Leominster (above) borders Fitchburg and lies to its southeast. Leominster is much richer than Fitchburg, though far from rich. It looks a lot like Gardner, only Leominster still seems to have some element of an economy left. It has several strip malls and a fairly substantial mall-like area which includes a Macy’s and a number of other big commercial retail and food chains. Maybe those who could not escape Fitchburg and Gardner survived the shipping of their factory jobs to the American South and then to China by taking the shit retail and service jobs in Leominster.
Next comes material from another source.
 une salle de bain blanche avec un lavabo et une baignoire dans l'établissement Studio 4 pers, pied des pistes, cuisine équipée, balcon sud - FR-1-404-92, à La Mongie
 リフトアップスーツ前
Housing is too expensive for me in Leominster, but maybe I could commute to Leominster while living in the depressing shithole of Fitchburg.
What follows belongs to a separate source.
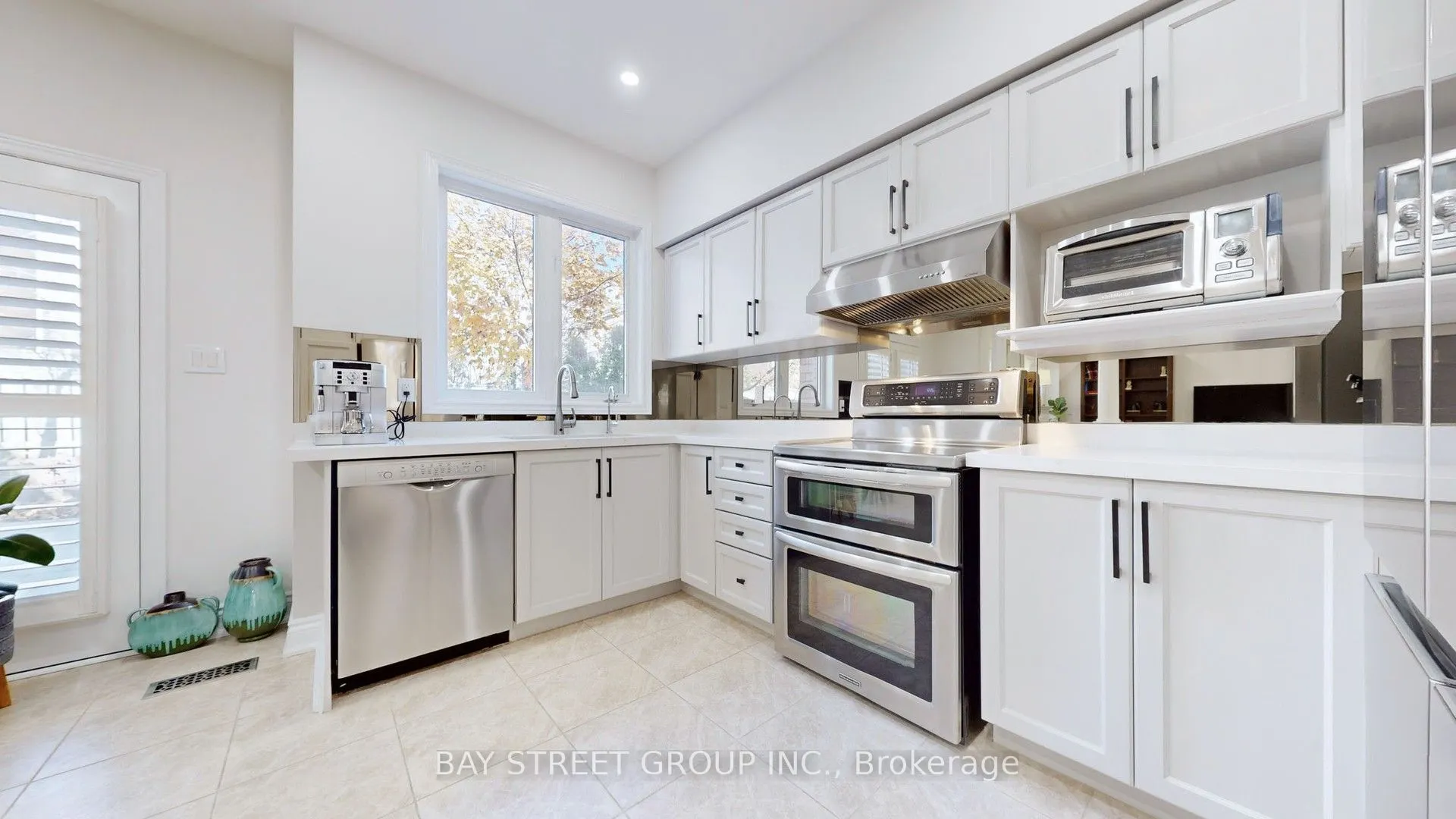 115 COLESBROOK Road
I stopped to take a piss at the Wendy’s in Leominster, right before getting on Route 2 back to Boston. I decided to reward myself with the $1.00 small frosty they were offering. The girl at the counter was new. She had trouble with the register. I was patient. She rewarded me by calling me hon. I sat down in the back of the restaurant under the glass roof to eat my ice cream. There was one other customer, who appeared to be an off-duty employee. There were flies buzzing around. They really bothered me. I was afraid that they were going to fly into my ice-cream. I hated this area. I much preferred the Lewiston-Auburn area of Maine over this desolate and depressing angry white male mecca, but I would probably end up applying for a job in this very Wendy’s and trying to scratch out an existence in this shithole. Massachusetts offers me subsidized healthcare via Romneycare. If I get hurt in Maine I’m dead, or at least fucked. Getting hurt in Massachusetts is not necessarily a showstopper. Maybe I should go to Maine. Maybe dying or being compelled to hang myself because I can no longer work and pay the rent because of an injury would be the best thing that ever happened to me. I’ll probably stay in Massachusetts. I am far from a winner, but I am a survivor. I am the evolutionary equivalent of that pink shit that grows in your bathtub that you can’t get rid of, no matter how hard you try to rub it out.
Driving back on Route 2, a very nasty and crowded two lane highway that runs across the eastern half of Massachusetts, a highway on-ramp snuck up on me out of nowhere, with a driver trying to get on. I didn’t have to yield, but I yielded. I did not have enough time to react, and I did not want to deal with the scenario where this driver didn’t yield. As I slowed down, the driver behind me closed in like a menacing shark. He got so close. Very soon I was going to hear the explosive sound of metal clashing as my body jerked violently. There was going to be shards of plastic exploding through the air and mangled pieces of car everywhere. I didn’t hope that he wouldn’t hit me because I knew he was going to hit me; the question was when he would hit me. I didn’t think I was dead. I wasn’t worried about getting hurt. All I could think about was the thousands of dollars of damage this was going to cause and the horrible, miserable inconvenience of it all. I don’t know how I didn’t get rear-ended, but somehow I didn’t.
I thought about this later. I never heard the squeal of the brakes of the driver behind me. The driver behind me probably was an exceptionally good driver and psychotic asshole who was able to get incredibly close to me at a high speed while decelerating, without hitting me. This was done in order to terrorize me as punishment for my yielding, which slowed him or her down and robbed him or her of about five seconds of his or her life.